The next Syria

Today’s headlines should be 2″ tall:   ISIL is gone from Iraq!   The  US efforts have paid off.  The war for Raqqa in Syria is underway.

Questions remain for both Iraq and its allies:  How to rebuild Iraq so militants will never again be able to seize a city?   More importantly, how the leaders in Iraq can build unity within the country, which overcomes cultural and religious differences.

When ISIL is defeated in Syria, the same questions will remain.   The human toll for both the civil war within Syria and the war with ISIL will be tragic.

No one believes that this will be the end of jhadists.    ISIL has shown to other extremists a new way to extend their extremist philosophy.    The mode of operation are:  (1)   Develop an army capable of surprise attacks and control of targeted cities (2) Profit in any way possible from the occupation and (3) Recruit others to join the movement.  In Syria, ISIL was operating oil fields and selling the oil.
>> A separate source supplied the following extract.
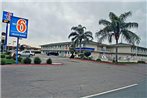 Motel 6-Tulare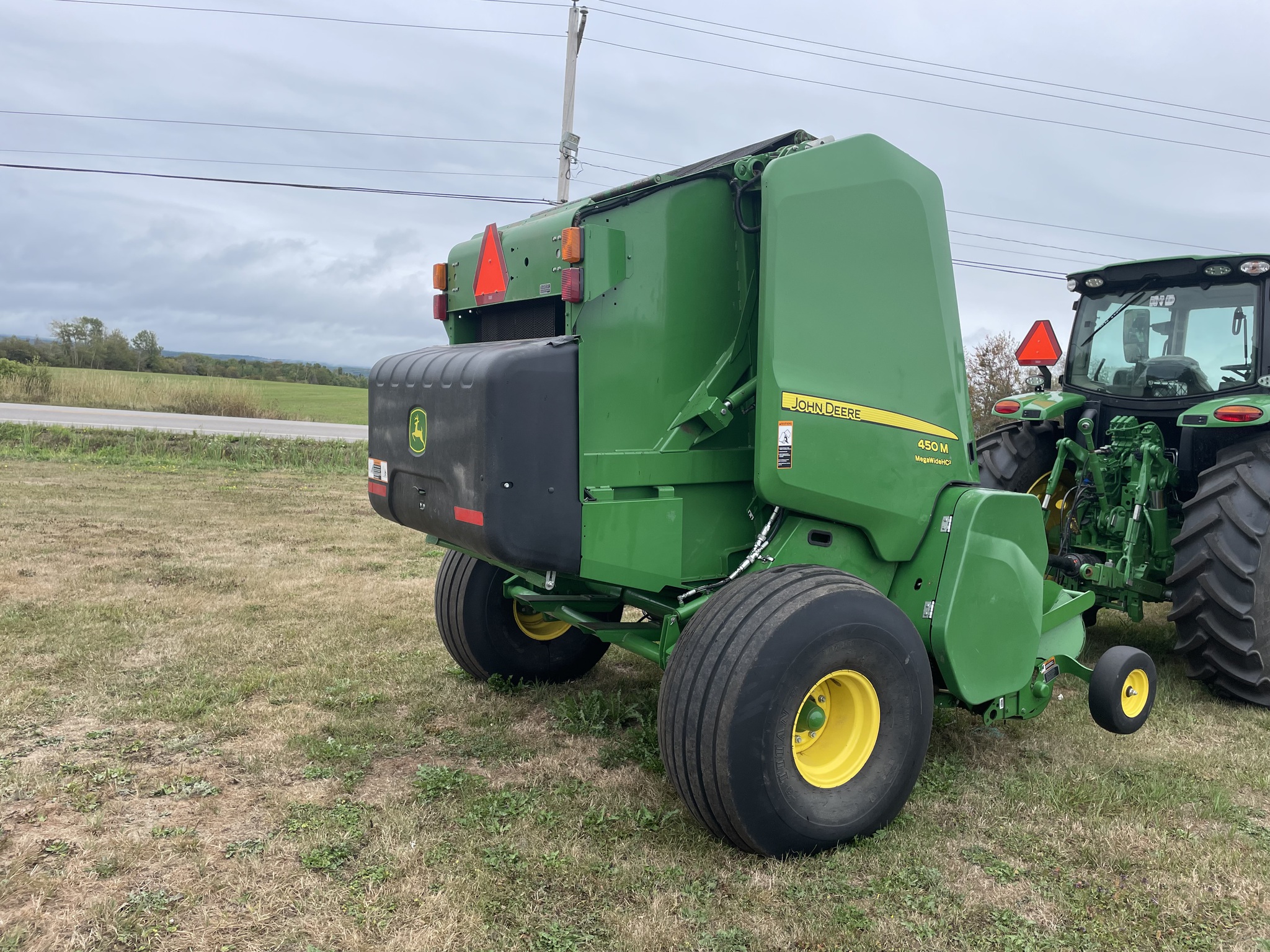 2020 John Deere 450M Image 4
Libya has the potential to be as bad as Syria.   The big prize is the oil.  We have already seen the violence in the Philippines due to extremists.  Indonesia and Malaysia are likely next targets.   In Africa, the Boko Haram in Nigeria and the al Shabaab  in Kenya and Somalia, are very much along the lines of ISIL.
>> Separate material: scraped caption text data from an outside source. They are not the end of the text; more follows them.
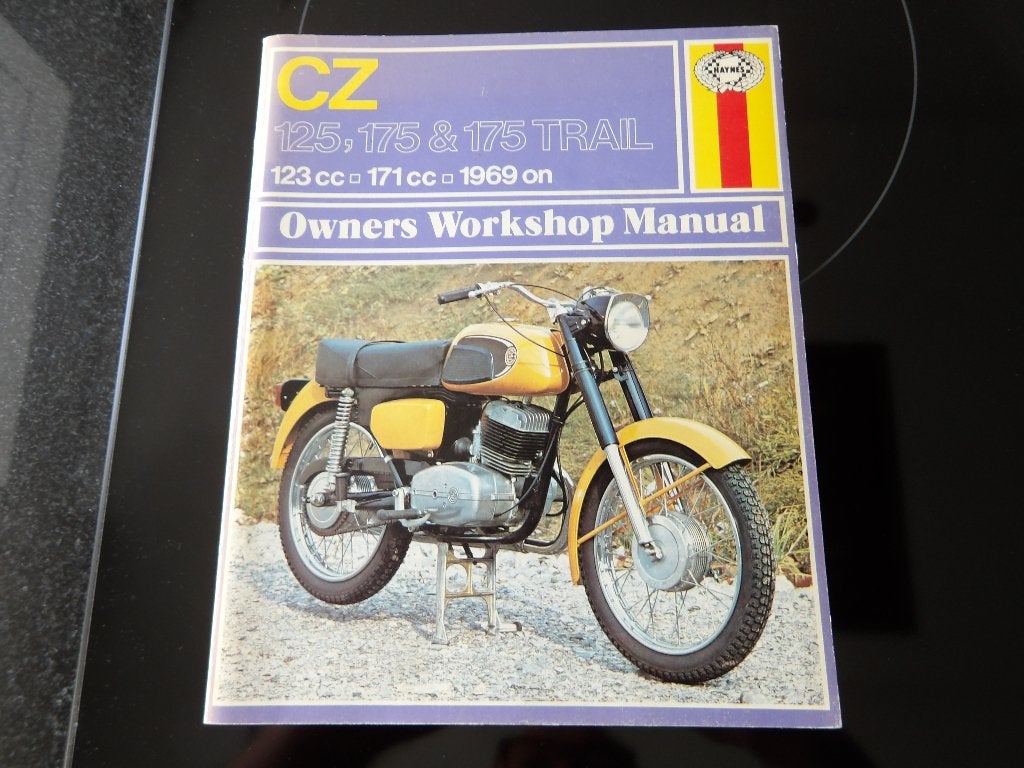 CZ 125, 175 & 175 Trail Owners Workshop Manual, Motoren, Ophalen of Verzenden, Overige merken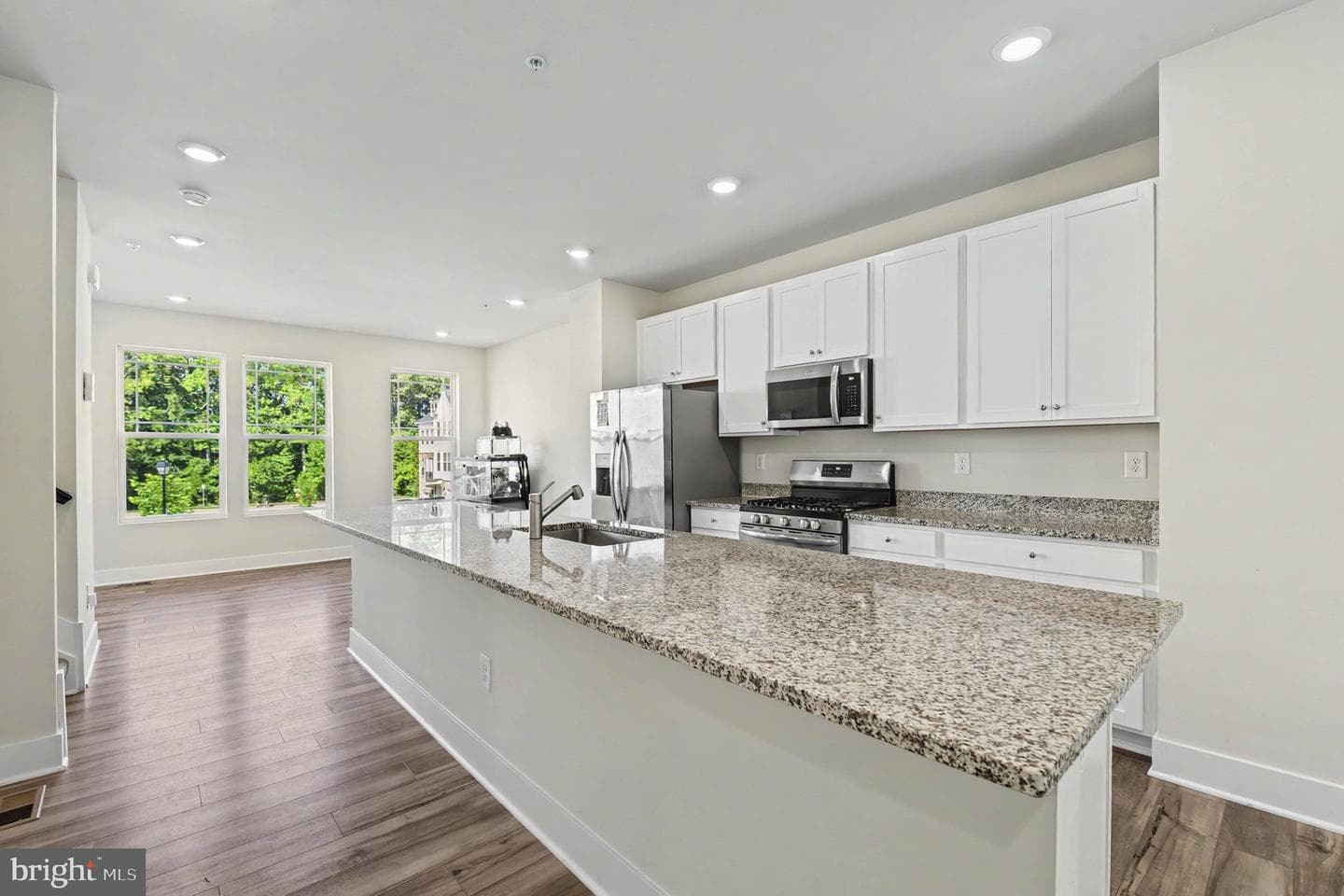 238 Waterstone Rd photo 16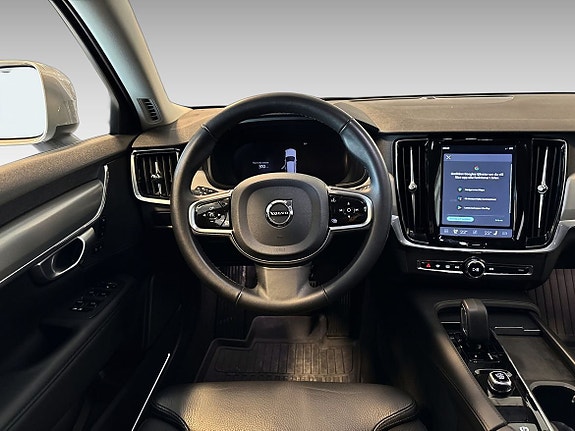 Volvo V90 Cross Country 13 of 19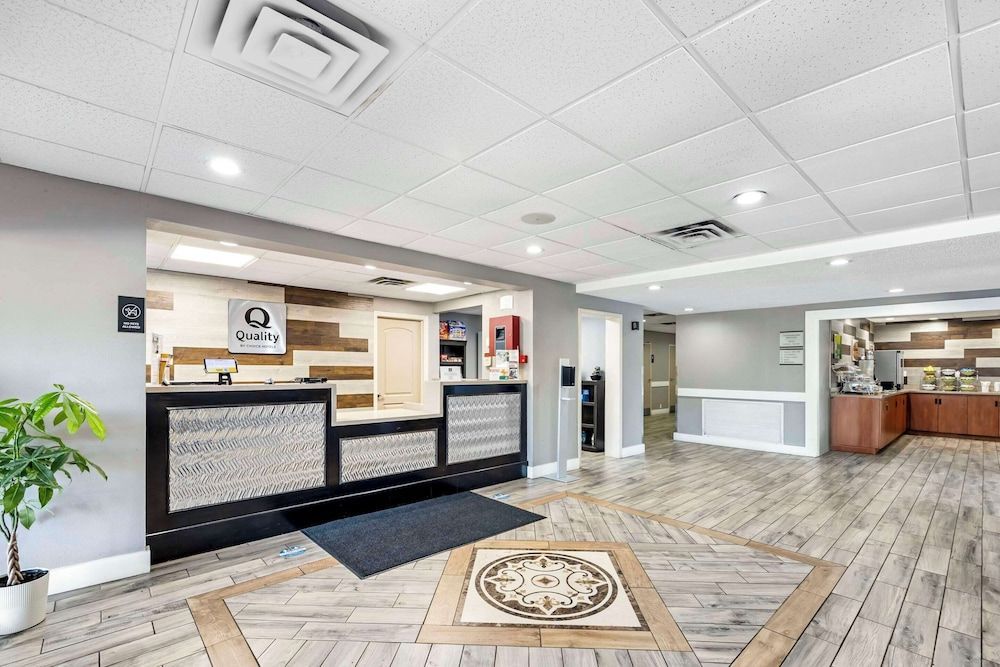 Quality Inn Clarksville - Exit 11 2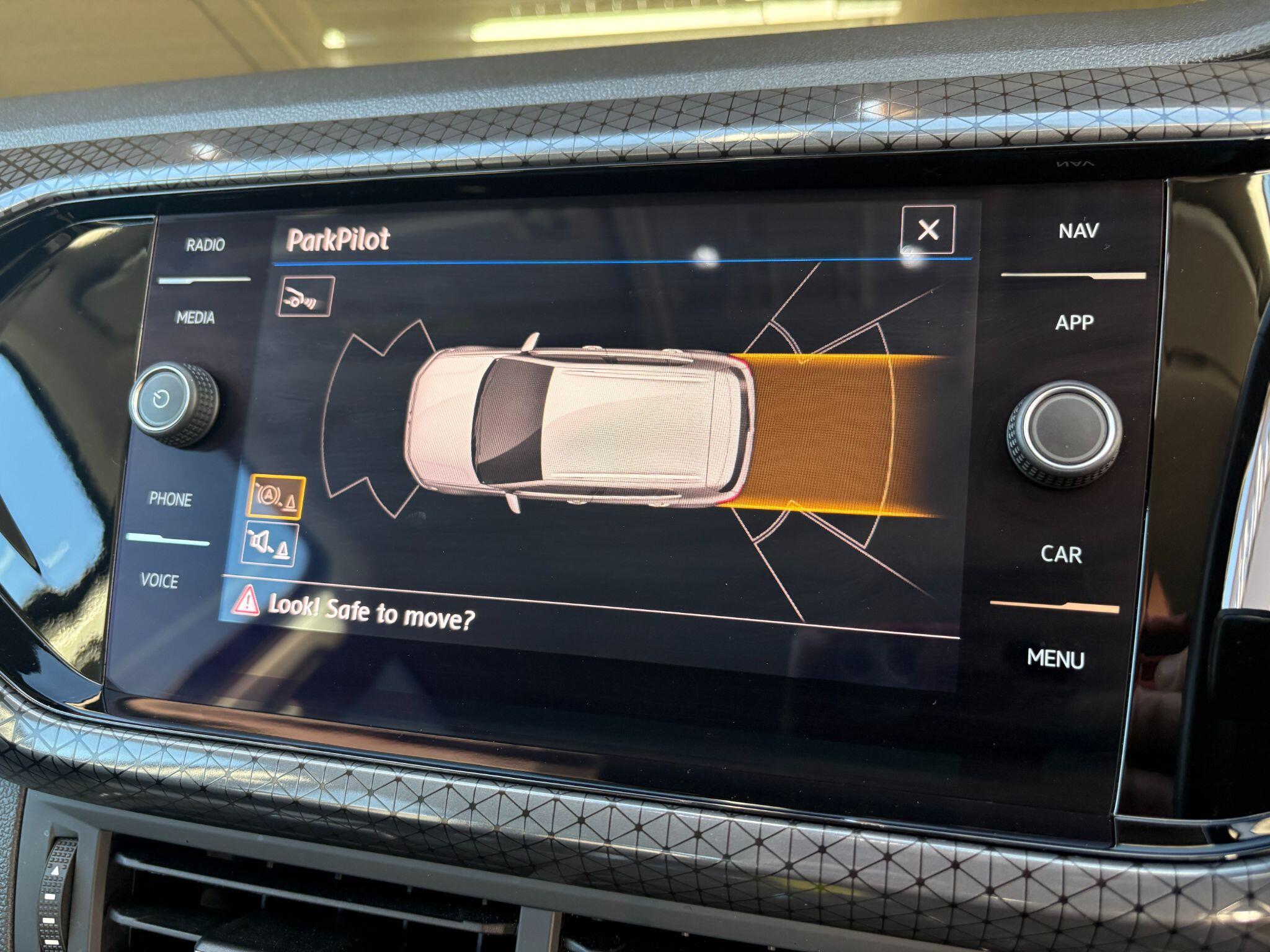 Volkswagen T-Cross view 37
Countries in central Africa, such as the Sudan and South Sudan have terrorist organization and a high potential to be the next Syria.   From extremists point of view, an ideal target is where they can obtain local support or minimal resistance,  control large regions of the country and profit from their occupation.   The last thing we need in the world, is a terrorist base located in central Africa.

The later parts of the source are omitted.